When it comes to designing your logo, you’re probably going to do what we all do when looking for anything these days. Search for a vendor online. Very cool. A link from somewhere else is probably how you found our site, and probably this very article. That’s how all this is supposed to work. The trouble is, selling online logo design services a very competitive business. It’s also a fairly lucrative one, if, that is, you can get enough eyes on your website. Or in the case of logo design sock puppetry, enough eyes on all of their websites. Having several different websites promoting one company ain’t a big deal in the online world. Everybody does it. It’s when a multitude of websites pretend to be promoting several different companies, that are really all the same company that things can get a little odd. When you factor in the lengths that these companies go to hide those connections, you’ve gotta be just a little concerned. Here’s why you should be concerned about hiring a sock puppet design firm to create your new company logo.
For some odd reason, a lot of folks from South East Asia who are selling online logo design services, are also heavily connected to questionable online college diplomas. Prefabricated college term papers. Student loans even. College affiliate revenues. Not sure what the connection is, save things that can be sold completely online, via the internet, without much in the way of oversight, or overhead. Such connections often have some comical results, especially when they use fake physical addresses to bolster their USA location bona fides. There’s a couple of sites, run by a huge IT company in Pakistan, that featured one such US address on their website. Trouble is, that address just happened to be an abandoned warehouse in Delaware (due to Delaware’s lax foreign corporation laws), and just happened to get shown on a CNN report about a fake diploma and University degree scandal that had blown up at the United Nations that resulted in some high-profile firings. The logo design sites changed the town listed on their website pretty damn fast, but the street address remains the same, rendering it moot.
How can you tell a sock puppet website? One such way is their phone number (if their site even bothers to list one in the first place). Websites are cheap. Toll free numbers, through US based VOIP modem phones aren’t, so a search of phone numbers will generally reveal connections with other sites. Often to phone numbers that are connected to spammers, as these VOIP numbers are recycled between customers. Trouble is, sock puppet sites are getting wise to this one, and are now featuring .gif phone number images to which search engine spiders are blind. But that’s okay. Most companies want their phone numbers to be picked up by search engines, so if the website you’re perusing has turned their phone number into an image, ask yourself ‘why did they turn their phone number into an image?’ Because they don’t want you to connect their various sock puppet sites is why.

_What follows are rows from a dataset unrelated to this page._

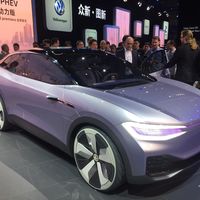 Así es el Volkswagen I.D. Crozz, el prototipo de SUV eléctrico 4x4 presentado en Shanghai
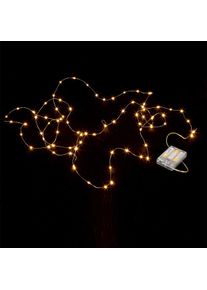 LED Au&szlig;en-Tischleuchte AMBIENTE HAUS "LED-Lichterkette", warmwei&szlig;, B:1cm H:1cm L:400cm, Leuchten, LED Au&szlig;en-Tischleuchte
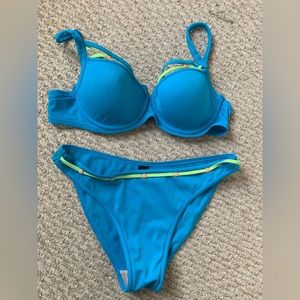 Marlies Dekkers SunDressed Luxury Blue Turquoise Bikini Small S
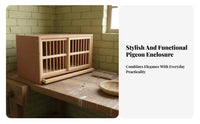 Solid Wood Pigeon Cage Sturdy and Sturdy Pigeon Pairing Cage Easy to Hygienic Avian Breeding Box for Outdoor, Backyard, Balcony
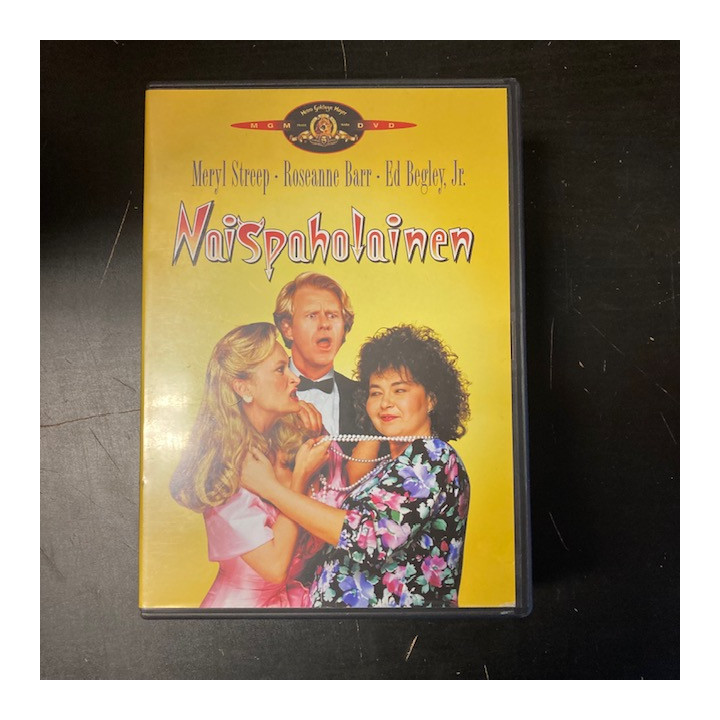 Naispaholainen DVD (VG/M-) -komedia-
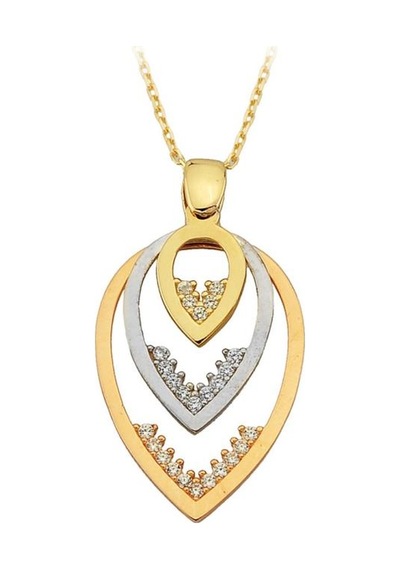Altın Damla Kolye G10657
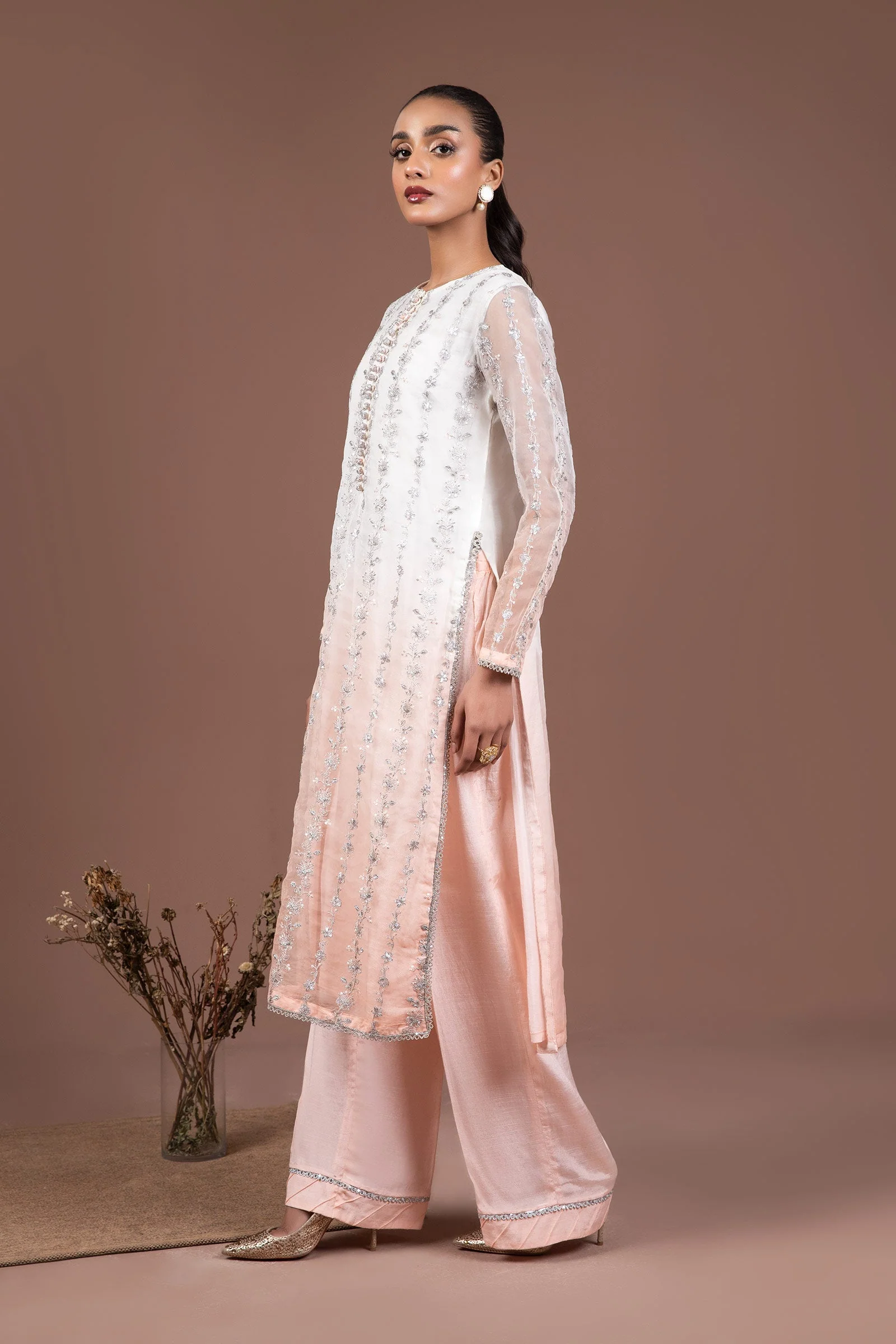 2 Pc Embroidered Organza Suit - Image 3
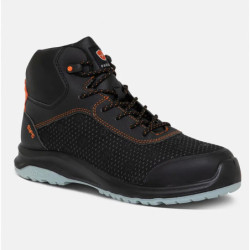 High safety shoes - Racer - Unisex - EN ISO 20345 - S1PS FO SR CI HI - Black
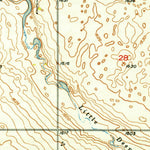 United States Geological Survey Lansford SW, ND (1949, 24000-Scale) digital map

Google Earth and its companion Street View are pretty cool too, and there’s quite a few logo design websites whose addresses are either empty fields or free-standing buildings that have nothing to do with logo design. I asked one site via chat window about their address being that of a stand-alone jewelry store, and they told me “we’re in the back”. Trouble is, there is no back, and the people in the jewelry store had never heard of the company. Funny enough, the jeweler told me, I wasn’t the first to ask. There’s another outfit who claims they’re a US based company with a Karachi office. As their Pennsylvania office consists of a couple of desks, while all their production is done in their Karachi facility, I’d argue they’re a Pakistan based company with a US office (their recent foray into the logo design contest & ‘crowdsourcing arena is being heavily promoted by a network of graphic design blogs, aimed at designers, that all deny connections to each other. The amount of logo raiding that forms most of the content for these blogs is astonishing). But it isn’t where these companies are located is the issue. It’s where they tell you they’re located, and the extreme lengths they’ll go to lie about it. Right to your face. Just business you say? Not where I’m from. I thought transparency was the key. We’d get more business if we pretended we were based in the US. It’s up to us to convince clients that a Canadian-based design shop can create decent logos.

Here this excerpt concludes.